[Records from a data source]

------------

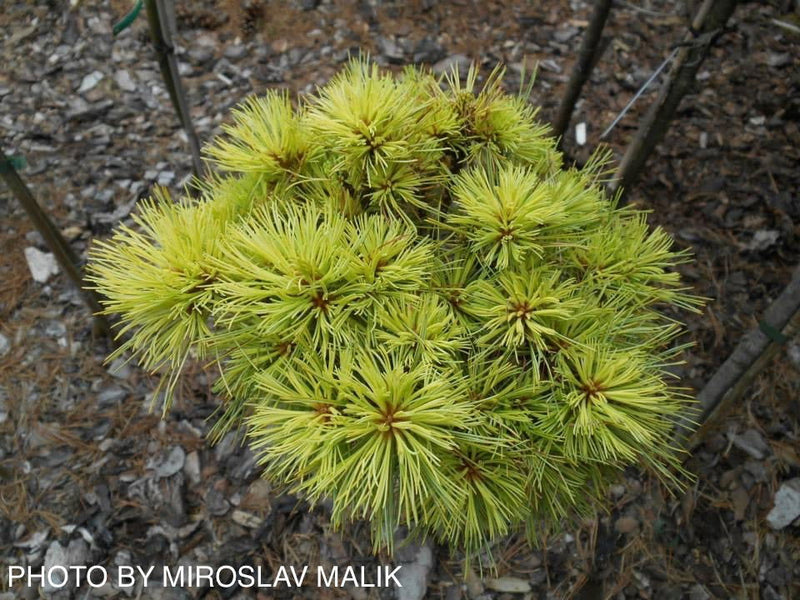 Buy Pinus strobus 'Greg' Dwarf White Pine Tree — Mr Maple │ Buy Japanese  Maple Trees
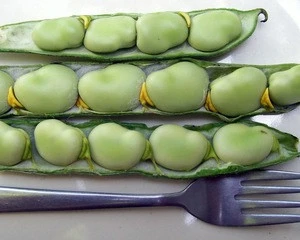 High Quality Dried Broad Beans/Fava Beans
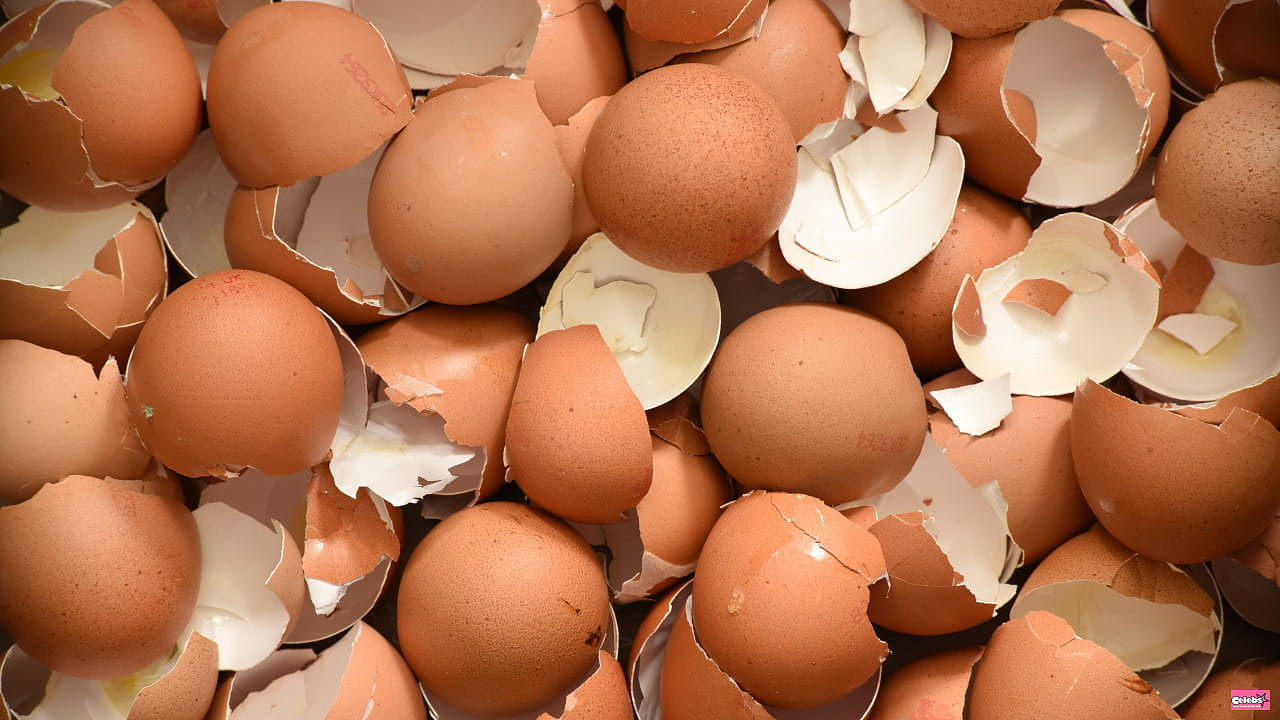 Boil eggshells in a saucepan - it's smart and saves a lot of money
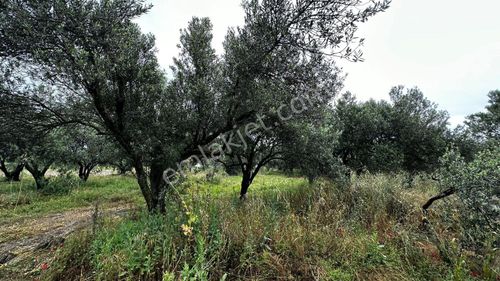 Arsa-Zeytinlik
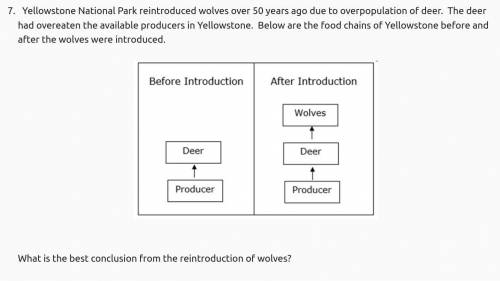 This is middle school work

answer choices 
There is no effect to adding wolves
Both the populatio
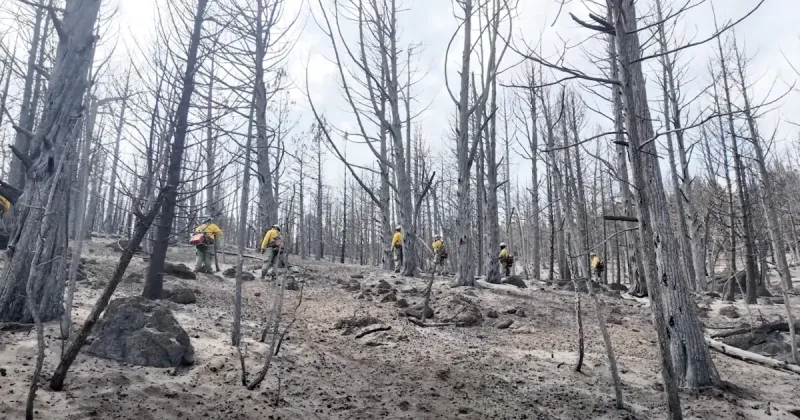 After over 7 weeks, the half-million-acre Big Grass Fire is fully contained
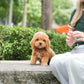 Jer - Mini Golden Doodle (Brown)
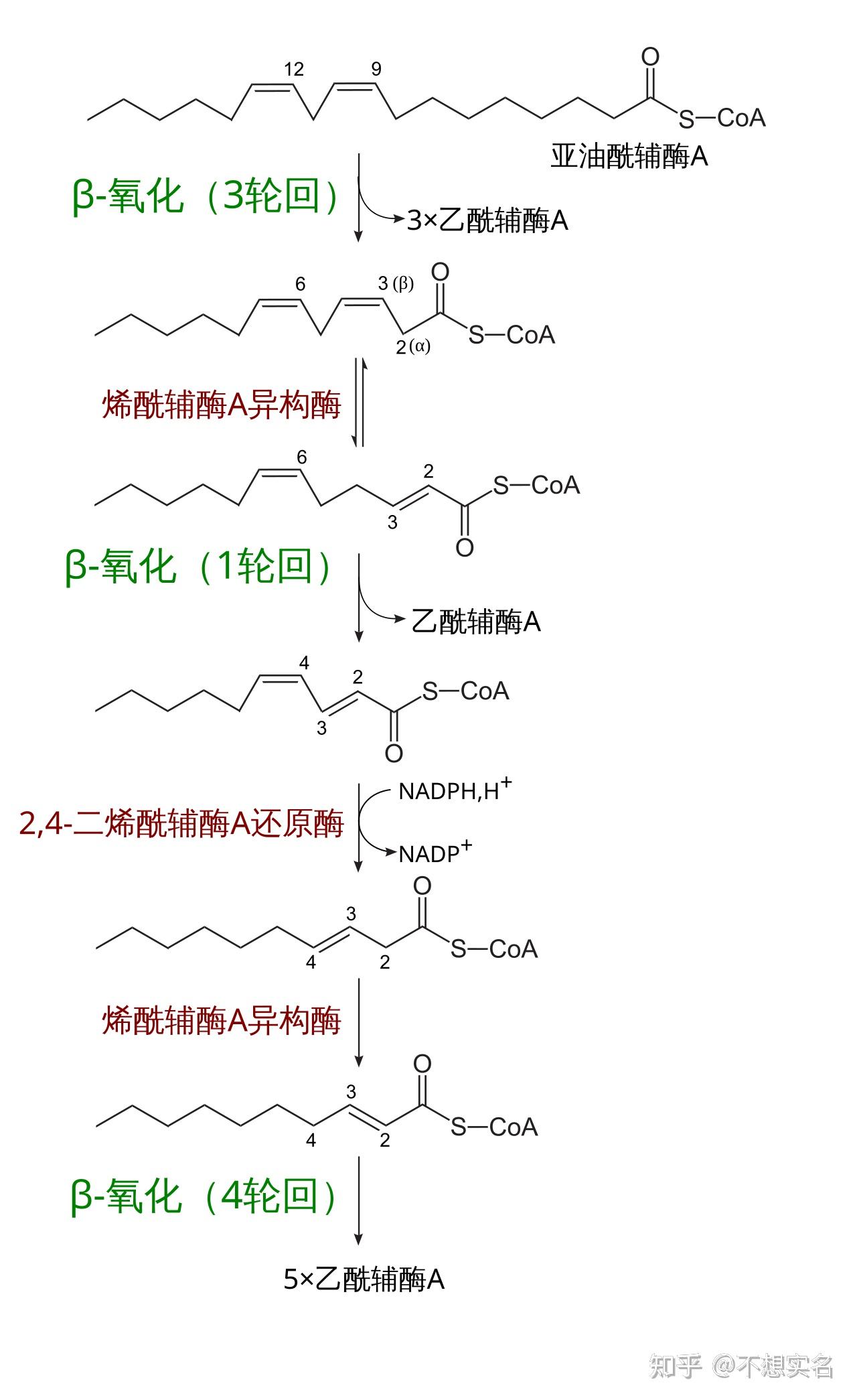 一分子亚油酸彻底氧化分解能产生多少ATP? - 知乎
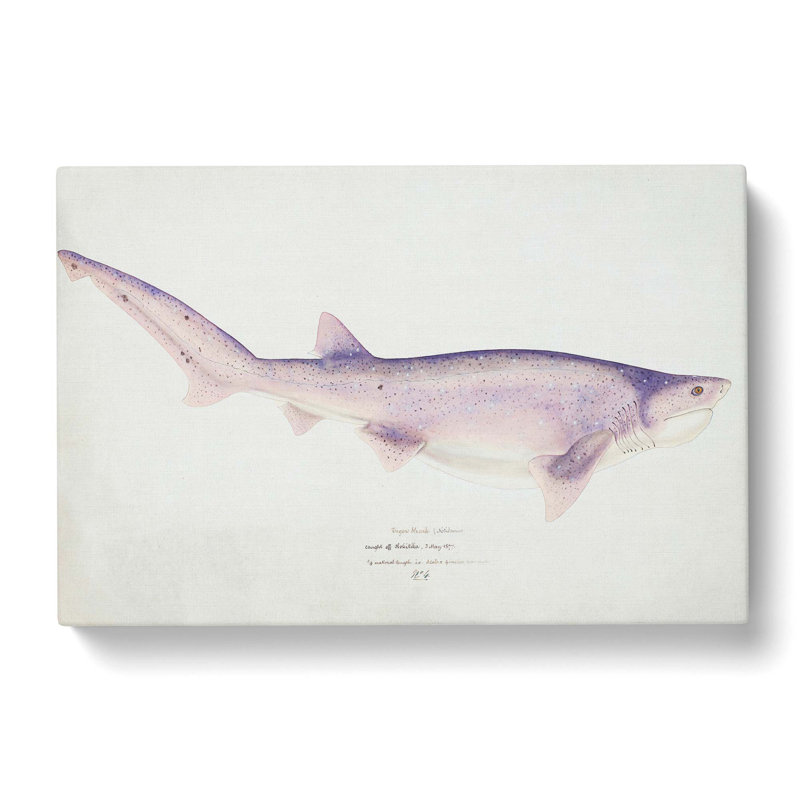 Illustration Of A Tiger Shark by F.E. Clarke - Wrapped Canvas Painting, 50cm H x 76cm W x 3cm D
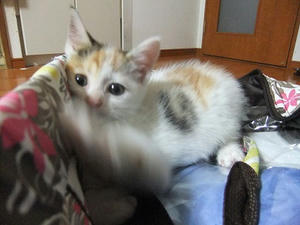 DSCF5669.JPG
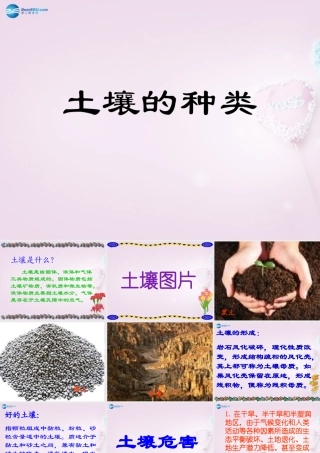 三年级科学下册《土壤的种类》课件2 青岛版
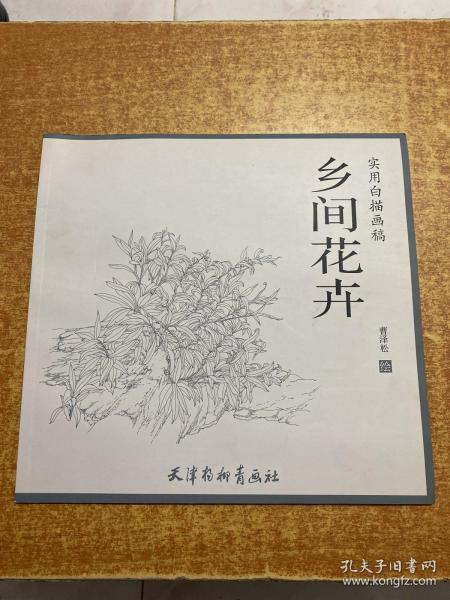 乡间花卉/实用白描画稿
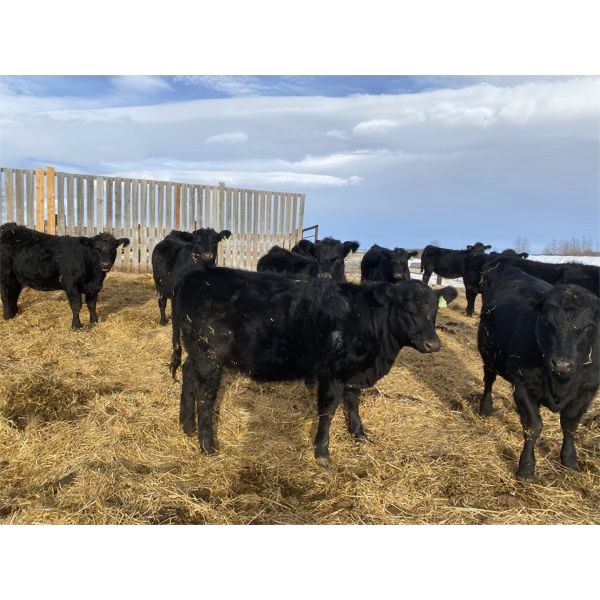 Reid Angus - 675# Replacement Heifers - 25 Head (Cochrane, AB)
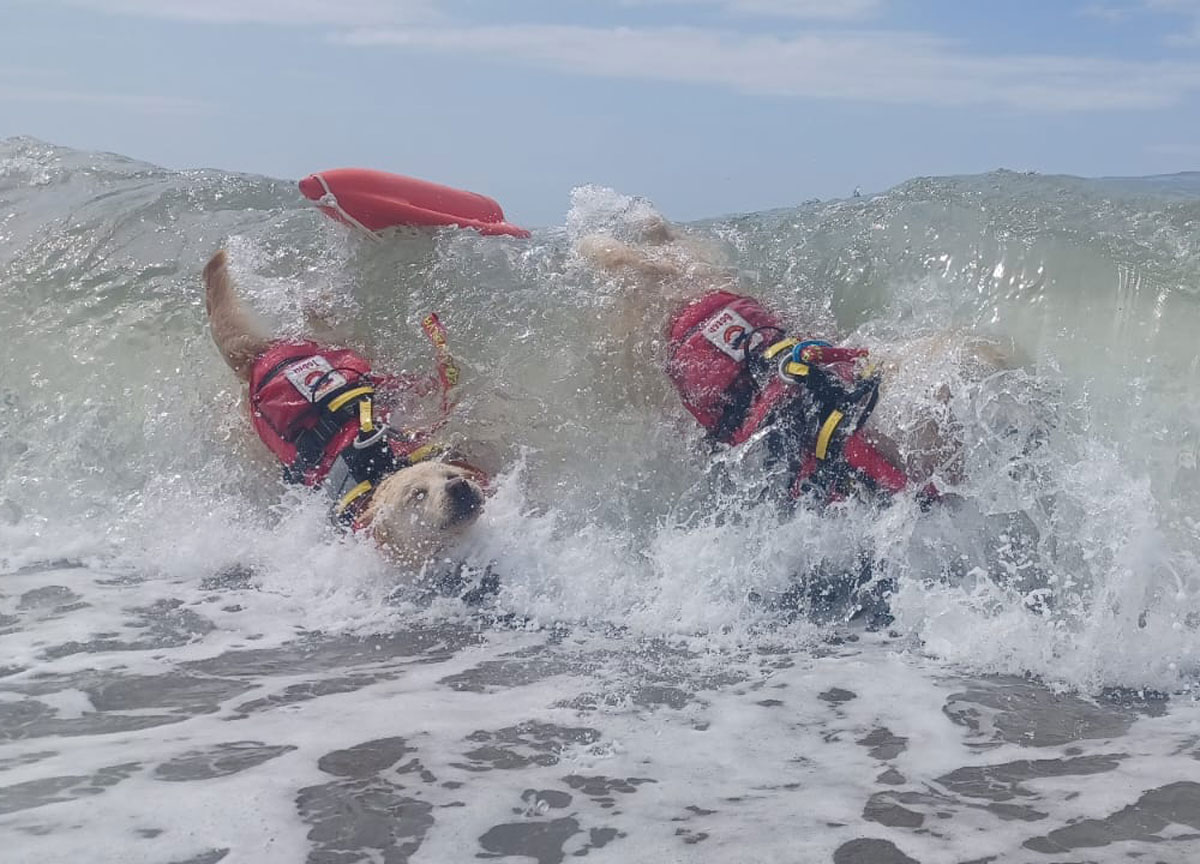 Cani bagnini Sics, già operativi su tutta la costa del Lazio tranne a Ostia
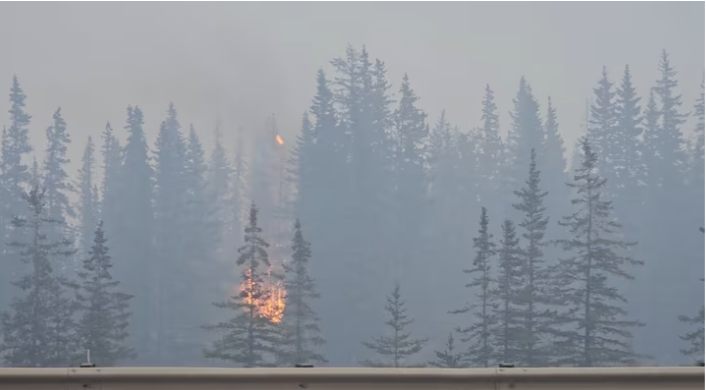 خاکستر شدن بخش بزرگی از شهر گردشگری جاسپر در کانادا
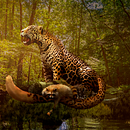 Meu projeto do curso: Fotomontagem e ilustrações fantásticas com Photoshop. Fotografia, Colagem, Retoque fotográfico, Ilustração digital, Composição fotográfica, e Fotomontagem projeto de Luiza Guadagnin - 10.05.2023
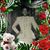 Almirah Norgrove-Harris's profile image
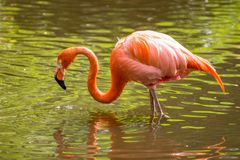 Flamingo I - Vogelpark Walsrode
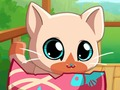 Hra Můj Pocket Pets Kitty Cat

------------

● EXERCISE INSTRUCTIONS: Reproduce each line of the records exactly, and omit every picture.

● REPLY TO THE TASK:
 Buy Pinus strobus 'Greg' Dwarf White Pine Tree — Mr Maple │ Buy Japanese  Maple Trees
 High Quality Dried Broad Beans/Fava Beans
 Boil eggshells in a saucepan - it's smart and saves a lot of money
 Arsa-Zeytinlik
 This is middle school work

answer choices 
There is no effect to adding wolves
Both the populatio
 After over 7 weeks, the half-million-acre Big Grass Fire is fully contained
 Jer - Mini Golden Doodle (Brown)
 一分子亚油酸彻底氧化分解能产生多少ATP? - 知乎
 Illustration Of A Tiger Shark by F.E. Clarke - Wrapped Canvas Painting, 50cm H x 76cm W x 3cm D
 DSCF5669.JPG
 三年级科学下册《土壤的种类》课件2 青岛版
 乡间花卉/实用白描画稿
 Reid Angus - 675# Replacement Heifers - 25 Head (Cochrane, AB)
 Cani bagnini Sics, già operativi su tutta la costa del Lazio tranne a Ostia
 خاکستر شدن بخش بزرگی از شهر گردشگری جاسپر در کانادا
 Meu projeto do curso: Fotomontagem e ilustrações fantásticas com Photoshop. Fotografia, Colagem, Retoque fotográfico, Ilustração digital, Composição fotográfica, e Fotomontagem projeto de Luiza Guadagnin - 10.05.2023
 Almirah Norgrove-Harris's profile image
 Flamingo I - Vogelpark Walsrode
 Hra Můj Pocket Pets Kitty Cat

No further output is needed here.